DFS is placing less emphasis on Sales in its marketing and is changing its messaging to be more feminine and to appeal to young families.
DFS’s relationship with ad agency Krow led to an unexpected sponsorship for a retailer that specialises in getting customers comfortable while sitting down, when DFS signed up as a partner of the British Olympic Association for Next year’s Rio Olympics.
Filby explains the sponsorship came about on the strength of advice offered by Krow, which is working with Team GB for Rio 2016.
The trust Filby places in others – including his business partners – is symptomatic of his gregarious personality and has led to him becoming one of the best-liked chief executives in retail.

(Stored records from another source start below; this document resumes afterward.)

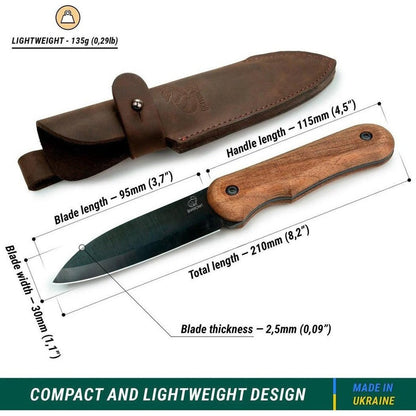 A side view of the Beavercraft BSH5 Bushcraft Knife with a brown leather sheath against a white background.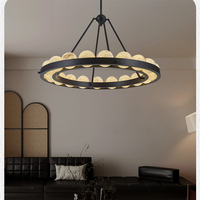 Suspension LED Circulaire Moderne et Personnalisable en Albâtre Noir, Hauteur Réglable, pour Villa, Salon, Hôtel, Style Naturel
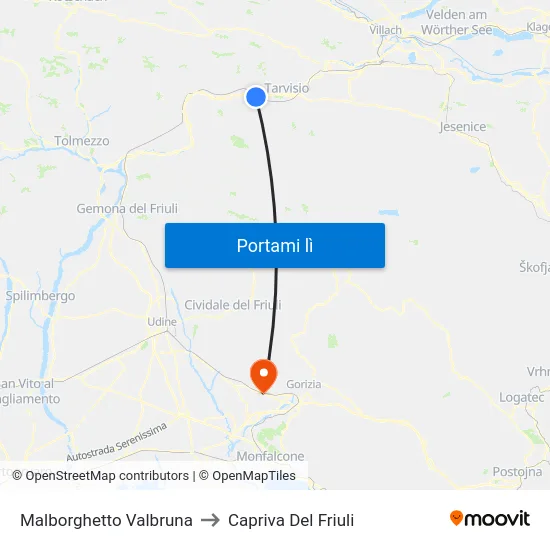 Malborghetto Valbruna to Capriva Del Friuli map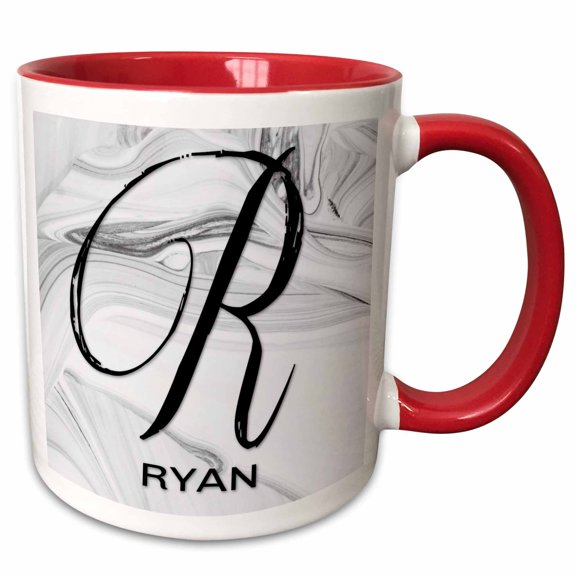 3drose, White Marble Monogram R - Ryan, 15oz Two-tone Red Mug
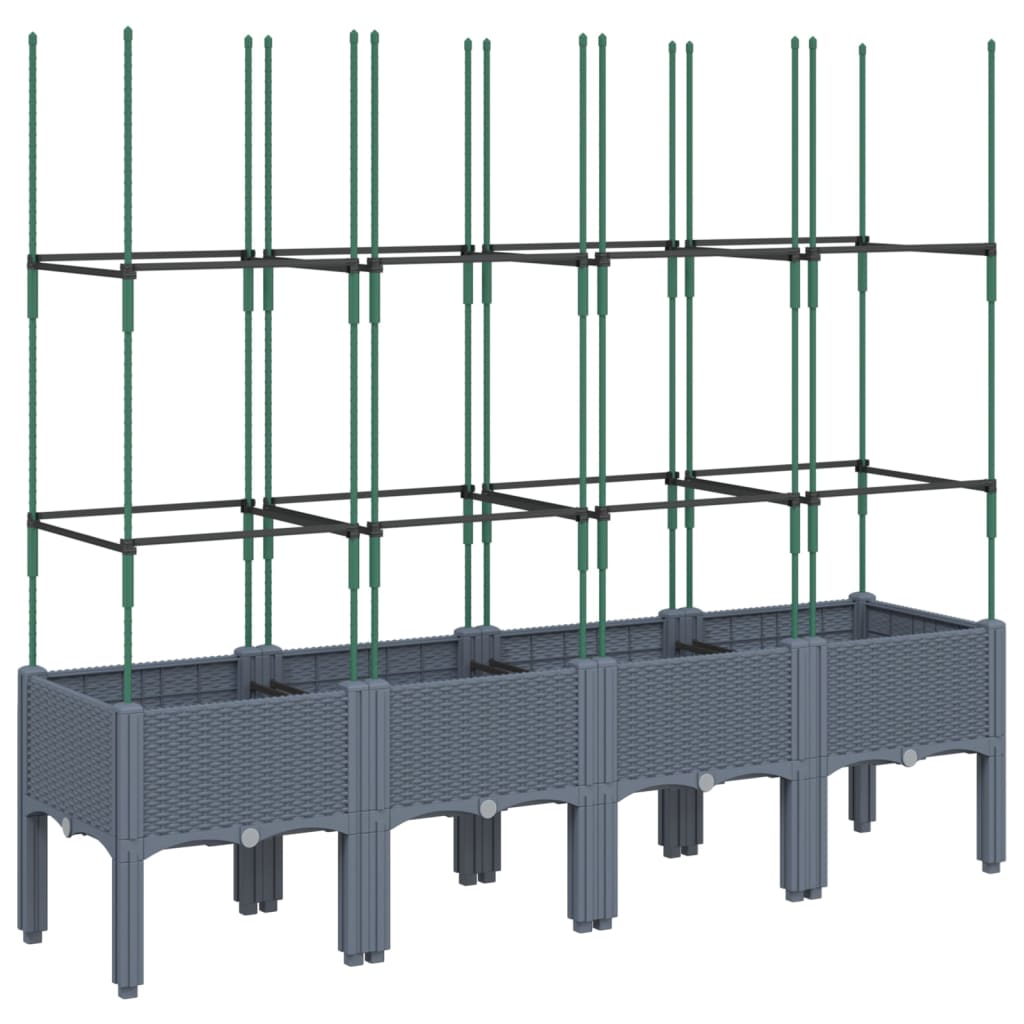 Vidaxl plantenbak met latwerk 160x40x142,5 cm polypropeen blauwgrijs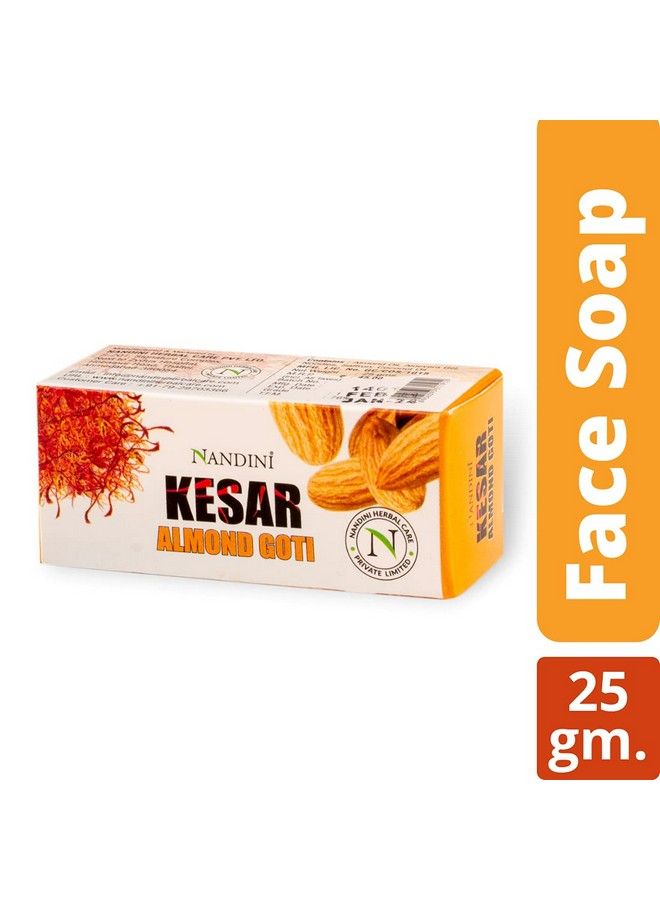 Nandini Kesar & Almond Goti Facial Soap For Man & Women 25G. (Pack Of 10) - Image 3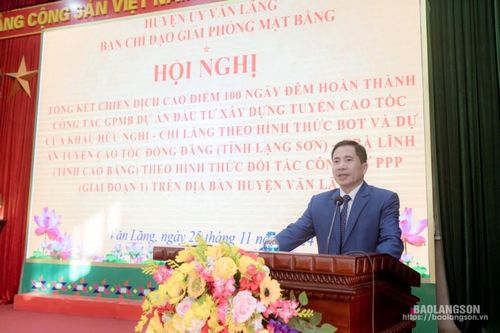 Văn Lãng: Tổng kết chiến dịch cao điểm 100 ngày đêm thực hiện công tác giải phóng mặt bằng các dự án trên địa bàn huyện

However, it is one thing winning over retail peers and another thing keeping shareholders happy. It will be long and hard slog, but Filby has made a solid start. To borrow a pun, it is a case of ‘sofa so good’ for Filby.
Behind the counter
Biggest inspiration My headmaster - Harry Edwards
Last book read The Trial by Franz Kafka
Last film watched The Grand Budapest Hotel
Last TV series House of Cards
Favourite band Pink Floyd
Last purchase An old bronze from an antique shop in Stockholm
CV
2010 to present Chief executive, DFS
2009 to 2010 Chief executive, Groupe Aeroplan London, running the Nectar loyalty card scheme
1981 to 2009 Joined Alliance Boots as a retail marketing trainee before rising through ranks to commercial director and retail brand development director roles. Became trading director in 2005.